Gnorimoschema dudiella

Scientific classification
- Kingdom: Animalia
- Phylum: Arthropoda
- Clade: Pancrustacea
- Class: Insecta
- Order: Lepidoptera
- Family: Gelechiidae
- Genus: Gnorimoschema
- Species: G. dudiella
- Binomial name: Gnorimoschema dudiella Busck, 1903

= Gnorimoschema dudiella =

- Authority: Busck, 1903

Species of moth

Gnorimoschema dudiella is a moth in the family Gelechiidae. It was described by August Busck in 1903. It is found in North America, where it has been recorded from Arizona and Texas.

The wingspan is 15-17.2 mm. The forewings are bluish white, but so thickly overlaid with black and fuscous as to appear dark, each scale being mottled with white and black or dark fuscous.
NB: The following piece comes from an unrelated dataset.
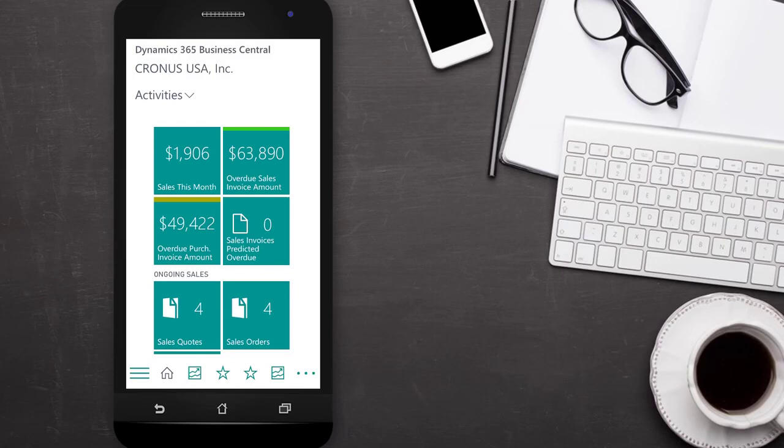The Business Central mobile app is available for download on Google Play, the App Store, and of course the Microsoft Store.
On the basal and apical one-third the light color prevails giving these parts a light pearl-gray appearance. On the middle of the cell is a short deep black perpendicular dash slightly edged with brown scales and at the end of the cell is another similar larger oblique velvety-black dash, also edged with light brown. Parallel with the dorsal edge and just within this is a row of three equidistant large tufts of erect scales. The hindwings are dark fuscous.